What did the king in today's parable (Lk. 19:11-28) have to say to the one who decided to play it safe? He called him a wicked servant. There was potential for this servant to do something with the riches entrusted to him, but he, out of fear, let the potential slip away by doing nothing.
It can be so easy for the potential in a marriage to slip away by doing nothing with it. It's so easy to daydream about how wonderful it would be to have someone who would give us everything, do everything we want, be everything we want. But if marriage partners spend all their time dreaming, who is going to do the personal investment required to become that sort of person in the other's life?
My husband is truly a treasure. It can be tempting to want perfection in the other, but really what we need is just the right combination of struggles and flaws to complement our own struggles and flaws. God always seems to provide with abundance in this regard! Spouses need to be thankful for the ways our frailties and weaknesses are both challenged and supported as we stumble forward toward the one goal of our eternity.

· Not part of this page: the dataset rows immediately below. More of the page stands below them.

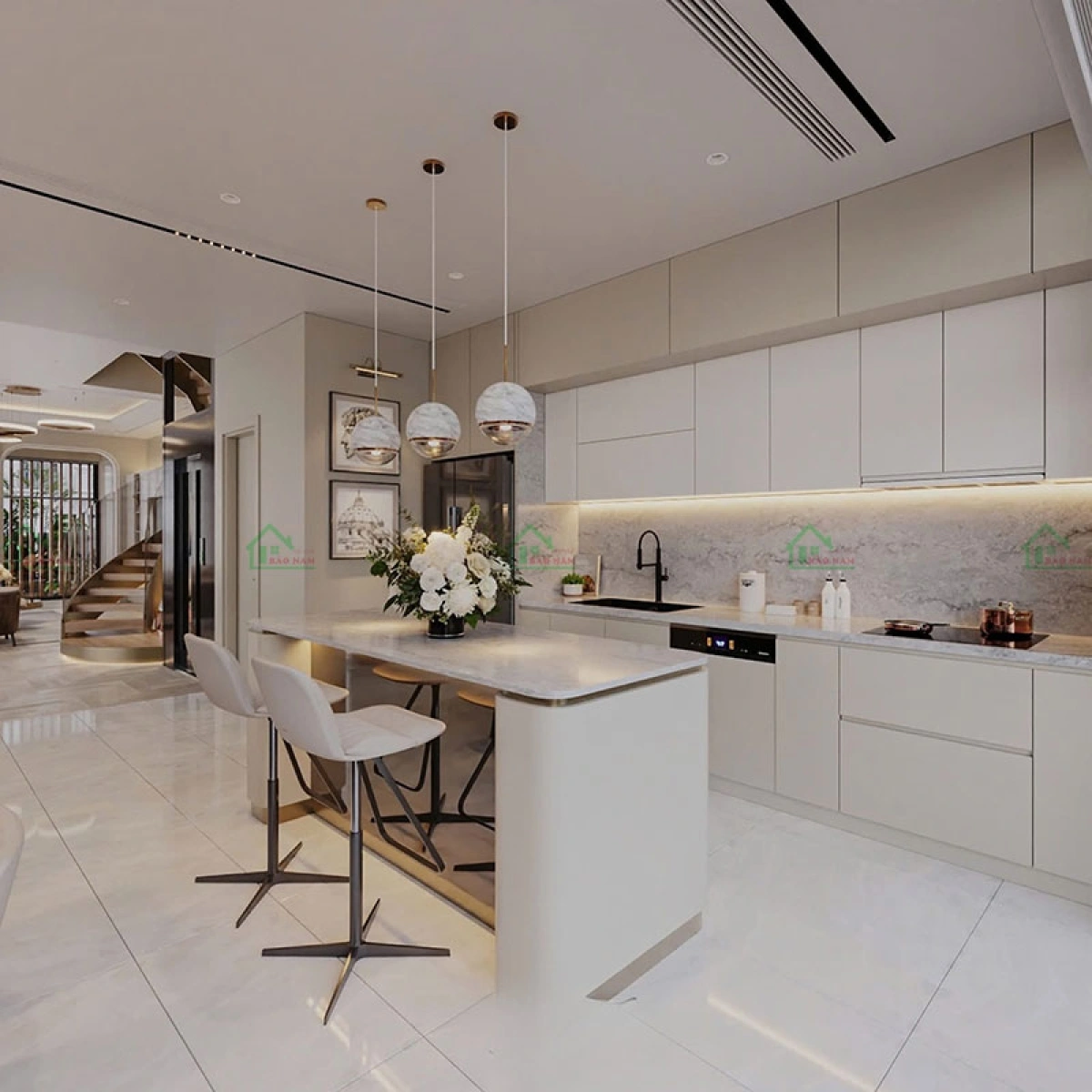 Giải pháp thi công tủ bếp trọn gói từ thiết kế đến lắp đặt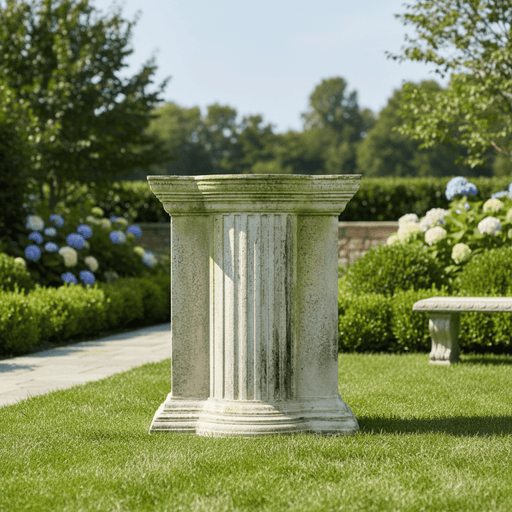 Temple Pedestal Statue (29 - Inch) Side Angle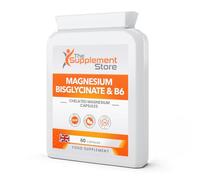 The Supplement Store Magnesium Bisglycinate & Vitamin B6 Capsules (60 Capsules)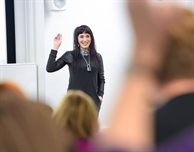 Paris tells DMU audience to "enjoy life and don't let people push you down"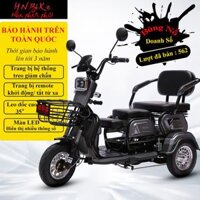 Xe điện 3 bánh F68, Bánh bé 300-8 inch, Mẫu xe điện nâng cấp động cơ 800w, Quảng đường di chuyển 60km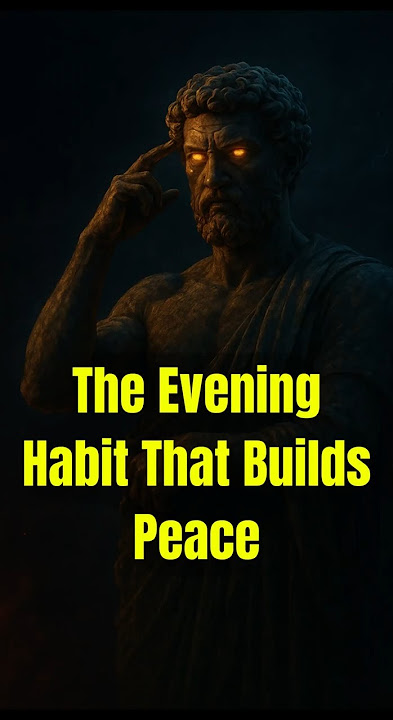 The Evening Habit That Builds Peace #stoicism #shorts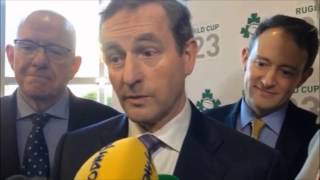 Ireland announces bid to host the 2023 Rugby World Cup [upl. by Einegue]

So I mentioned those spiritual treasures of the Church, as well. (Forgive my sloppy writing, will you? This daily blogging late at night makes for some less polished and more stream-of-consciousness writing!) Treasures can be very nice to admire, but they really do make for a lot of work and care. My son and I are reading J. R. R. Tolkein's The Hobbit right now, and those dwarfs sure go through a lot of peril and effort to reclaim their treasure. So many Catholics, just like so many married couples, might think "oh yeah, we've got a lot of neat stuff here... somewhere," but in effect the treasure is never theirs if they don't do the work to own it. What good does it do that prayer can produce miracles if we never put in the effort to persevere in prayer? What good does it do if we know that Scripture can transform our minds if we don't put the effort into soaking in it? What good does it do to realize that all the saints and angels in heaven stand at the ready to intercede for us if we never employ their help? If we don't make the investment of our hearts, which is measured in our time, our labor, our resources given in firm, consistent pursuit of the good, pulling together like those pitiful, battling and murmuring dwarfs (and hobbit), then that treasure that exists objectively will never become our very own possession.
So, I'm challenged. Risk, invest, push forward with who God has made you. Everything changes when I remember that my husband is given to me to help me to do this. The fact of the matter is, I need the way my husband keeps me grounded. I need his reliability, his steadfastness, his loyalty which flow out from him in rich abundance. And, he needs me to keep jumping off of cliffs, testing how my wings work, gazing wild-eyed into heaven.
There is nothing like the gift of being embraced for exactly who one is. But there's also nothing like the work it takes to press forward to invest what we've been given.